My knee refused to seal and heal, and the surgeons put my case in their education file. After a fifth surgery, I finally had a functioning leg. Towards the end of the last surgery, I woke up and couldn’t see out of my right eye. The doctors were uncertain what blurred my vision, but I had eight eye surgeries over the next year and a half to fix it. 

My tattoos became a part of my story. Before I broke my leg, I got Mother Teresa on my arm because she was a real woman helping and loving people every day. During my leg and eye problems, I sat in many waiting rooms with older people, and my tattoo was an icebreaker. One man told me I needed to cover it up because Mother Teresa was staring at him and reminding him about the things he needed to confess. Another man asked if he could touch my tattoo for good luck. It was good to have a little laughter and connection during anxious times. 

I got used to things going wrong. During that time, lightning struck the roof of our house and my room caught on fire. I was safe but tired of God giving me chances to be strong. 

I learned that life can change overnight. There was no time to heal and process the trauma of loss, so I am doing that now. Knowing something else can go wrong is always in the back of my mind, and I still worry about what’s next. 

Physical therapy helped me walk again, and The Alabama Department of Vocational Rehab guided me through vision loss, showing me that people with limitations can work through them and become employed. I have permanent vision loss, but I can walk and see okay most days.

I started new routines with hobbies that bring me joy: playing music and baking. One weekend, I baked bread for friends and family. That went so well that I baked bread and chocolate chip cookies the next weekend. People told me that I should start a bakery. I didn’t want to start a business, but I needed to eat and pay down my growing pile of medical bills.  Baking became a rewarding, creative outlet that provided the social contact I missed when I was stuck in the house. 

My second tattoo is the skyline of Mobile. It is based on the Bible verse, Jeremiah 26:7, that says, ‘seek the good of your city. If it prospers, you will prosper’. When we seek the good of those around us, we rise together. 

Mobile is a supportive community of artists, musicians, and the service industry. The Blind Mule made room for me and helped me feel safe when I couldn’t see. I worked at Serda’s Coffee part-time before I broke my leg, and my co-workers were my first bakery customers and got me started making king cakes.

Atlanta Bread Company had some of the best king cakes in town, and I learned a lot from making thousands of them. The owners retired in 2021 and closed the restaurant, leaving a gap in the king cake market and a chance to try out my bakery. I worked out my own recipe with trial and error and taste-testing from friends and family. I sold 850 king cakes this year – most  to people I didn’t know. I worked non-stop in my kitchen, but it was fun to be involved in Mardi Gras in a different way. I want to put Mobile on the map for must-have king cakes, and I am the first baker to make one with a  Mobile theme. 
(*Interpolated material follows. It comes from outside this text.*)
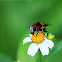 Phytomia errans(裸芒寬盾蚜蠅)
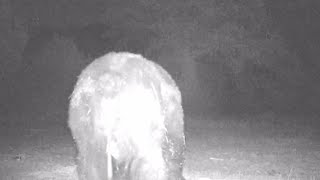 Does a bear poop in the woods?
I named the bakery Bread by Beck. My motto is, ‘Let me be your carb dealer.’ I deliver boxes of cookies downtown and meet friends at back doors, alleys or parking lots, exchanging cookies for cash. It’s dealing carbs.  
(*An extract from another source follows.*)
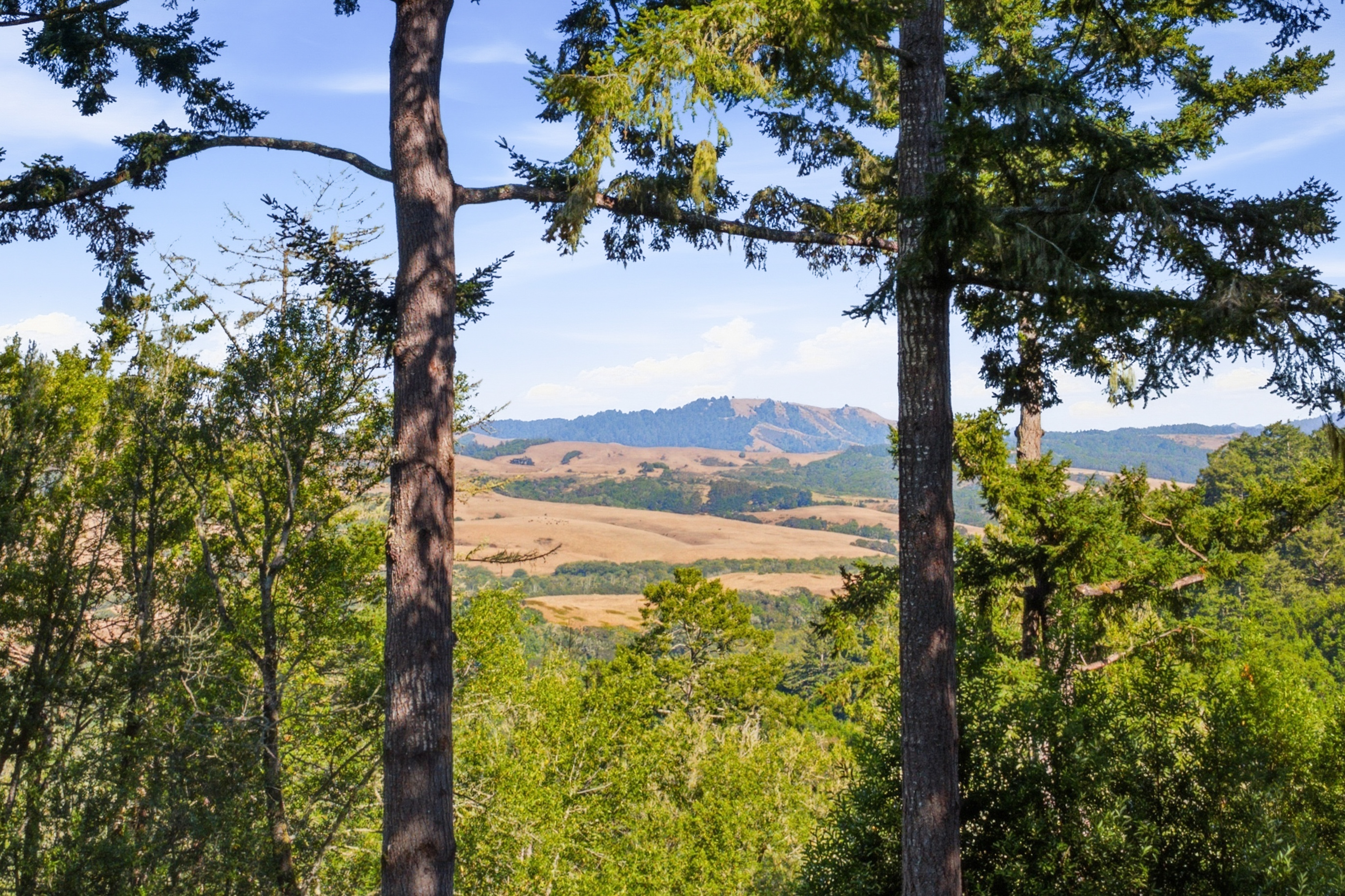  West Marin Legacy Estate - 物件實景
I keep experimenting with new things to bake. I make a jalapeno cheddar shortbread cookie that is subtly sweet. I want to add French baguettes and more specialty breads. My grandmother makes the world’s best cinnamon rolls, and she is going to teach me how to make them. 

I found my purpose and created a business around what I can do. People tell me I should get a storefront. I am still learning what is possible and what my body can handle. I can’t let the past and the fear of ‘what if’ keep me from moving forward. 

It’s still hard planning ahead, but I’m getting more comfortable being unsure. I’m pushing myself to dream. Maybe things won’t go according to that dream, but that’s okay. I will figure it out.”